Zudem werden zehn Geschäfte von kleinen Dienstleistungen wie etwa Lebensmittelshops rehabilitiert, damit zehn Familien wieder eine Einkommensgrundlage haben. Die ausgewählten Shops stärken die Versorgungslage der Anwohner.

Hygiene-Kits für 3.500 Personen Die Ausbreitung des Coronavirus in der gebeutelten Stadt verschärft die Situation der Notleidenden zunehmend. Ein Teil der Gesundheitseinrichtungen wurde zerstört und damit der Zugang zu einer Basisversorgung weiter verschlechtert. Deshalb werden 700 begünstigte Familien mit Hygiene-Kits versorgt.
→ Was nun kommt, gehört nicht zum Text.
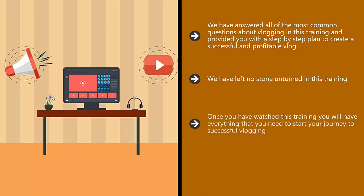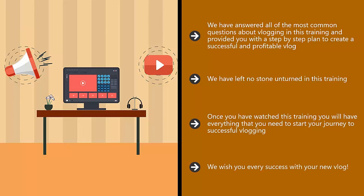Once you have watched this training, you will have everything you need to start your journey to successful vlogging. So we recommend that you watch this training in full first and then go back to the start and follow the recommended action steps. We wish you every success with your new vlog.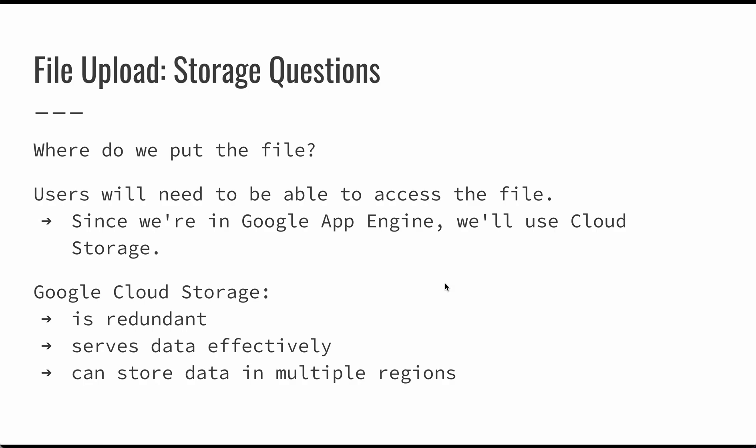We need to have a central place to put these files. So we're using Google App Engine. There's a very easy opportunity here to use Google Cloud Storage. In Google Cloud Storage, we have automatic redundancy so we don't have to worry about data getting lost. It does serve data very effectively and it serves it directly. So once we've saved our image there, we can very easily reference it in other places. And we can store data in multiple regions so that we can make it easier to access for all of our users.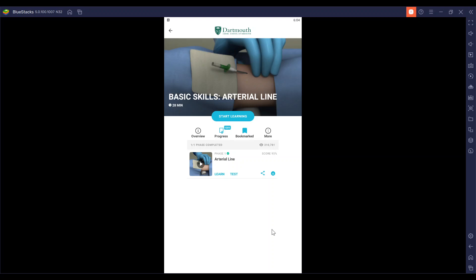Welcome my fellow medical people. Today we are going to be looking at Touch Surgery, basic skills, the arterial line.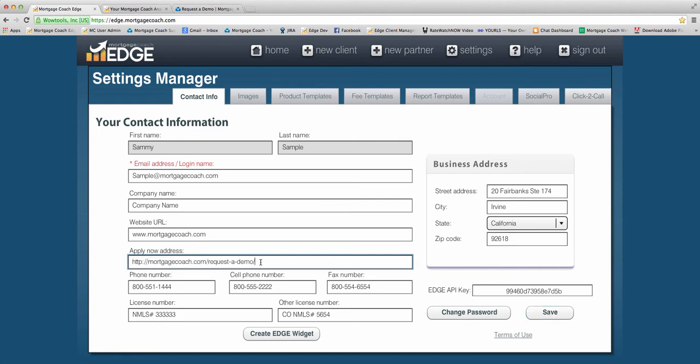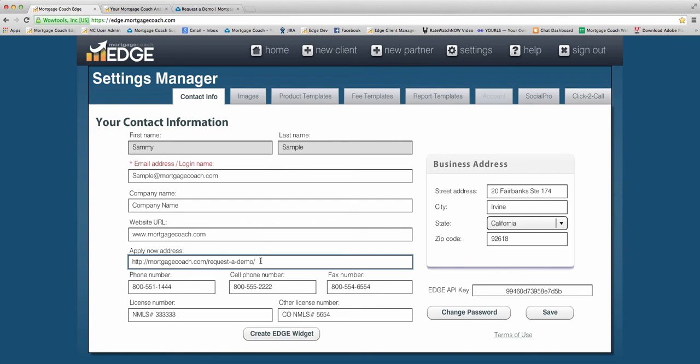Now the idea behind this is you want to make sure that you've got some kind of a link that you can use that will direct your client toward an Apply Now type of site. You can see I've actually used our requested demo. And so when I put this on my presentations, if they were to click Apply Now, it's actually going to take them straight over to our demo request page. So let's see what it looks like in action.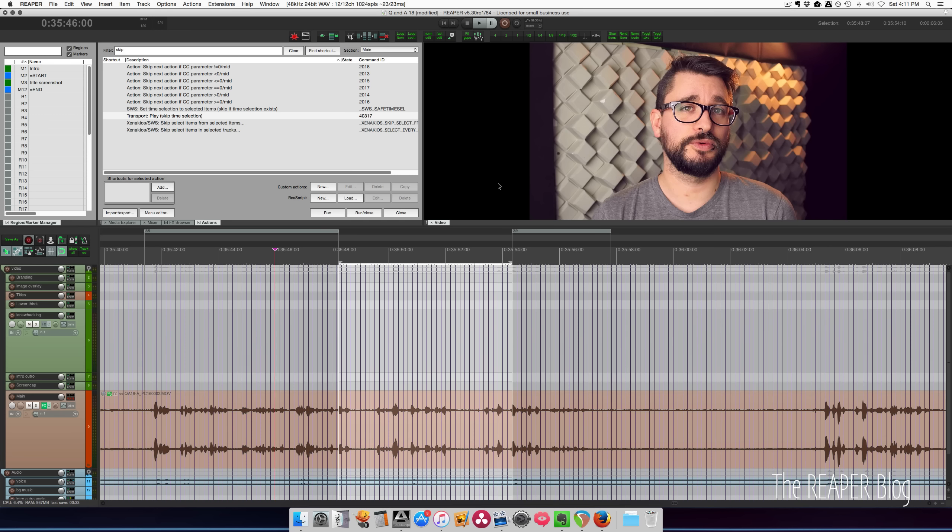But hopefully this gives you an idea of how to edit phrases from different takes together, make them sound seamless, how to audition that without having to actually do the editing. Because I'm not doing the editing, I'm just choosing the best bits at this time. And this action I've been using a few times today and it's been really helpful.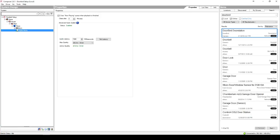Welcome to the Synegration DoorBird Control 4 driver. This driver is designed to provide doorbell, intercom, and camera support to any Control 4 system.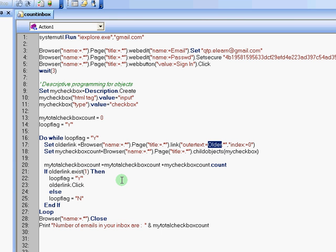On that section, I said, when you find a link with a text older dot star, the regular expression dot star is indicating anything, any link that starts with older in it. The index being first, that is the first object that it can find in the application.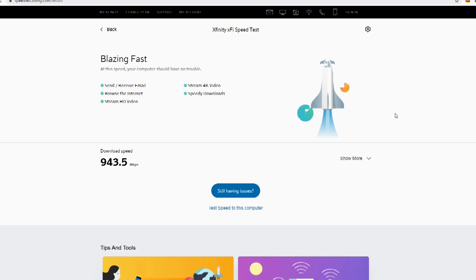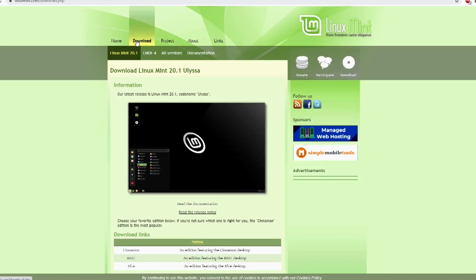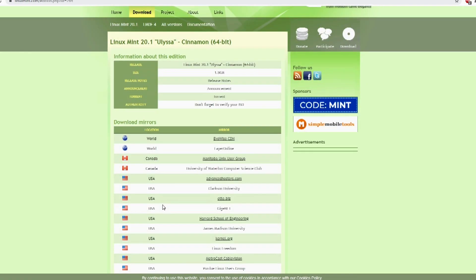For this test, we are going to download a large file while monitoring our network utilization in Windows Task Manager. To be accurate, we need to download from a server that will not bottleneck our test results. I will be downloading an ISO file of Linux Mint. From here, you will choose one of the download servers that is in your country.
So können sie ihre Hygienebedürfnisse decken und haben ausreichend Materialien wie Mundschutz, Seife und Desinfektionsmittel, um sich vor einer Ansteckung mit dem Virus bestmöglich zu schützen.

Spendenbeispiele
12 Euro: Soviel kostet ein warmes Mittagessen inklusive Lieferung und Kosten und Löhne für die Zubereitung.
22 Euro: Soviel kostet ein Hygienepaket für sieben Personen. Es enthält unter anderem Desinfektionsmittel, Masken und Seife zum Schutz vor Covid-19.
2.100 Euro: Damit kann eine Wohnung so weit instand gesetzt werden, dass eine Familie wieder sicher darin wohnen kann.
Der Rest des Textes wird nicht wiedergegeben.